### Material shown
▬▬▬▬▬▬
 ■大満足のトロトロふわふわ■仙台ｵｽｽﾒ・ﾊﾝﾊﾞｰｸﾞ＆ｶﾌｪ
▬▬▬▬▬▬
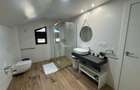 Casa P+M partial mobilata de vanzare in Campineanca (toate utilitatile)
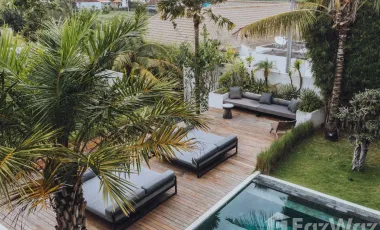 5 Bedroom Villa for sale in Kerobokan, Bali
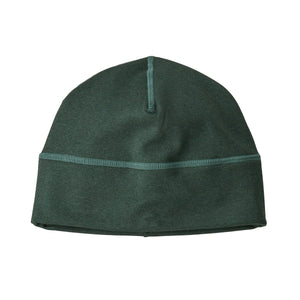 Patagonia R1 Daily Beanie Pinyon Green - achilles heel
▬▬▬▬▬▬
### Exercise prompt
Which part of the entries opens with the line containing "5 Bedroom Villa for sale in Kerobokan, Bali" and closes with the line containing "Patagonia R1 Daily"? Output that part exactly, ends included, pictures excluded.

### Solution
 5 Bedroom Villa for sale in Kerobokan, Bali
 Patagonia R1 Daily Beanie Pinyon Green - achilles heel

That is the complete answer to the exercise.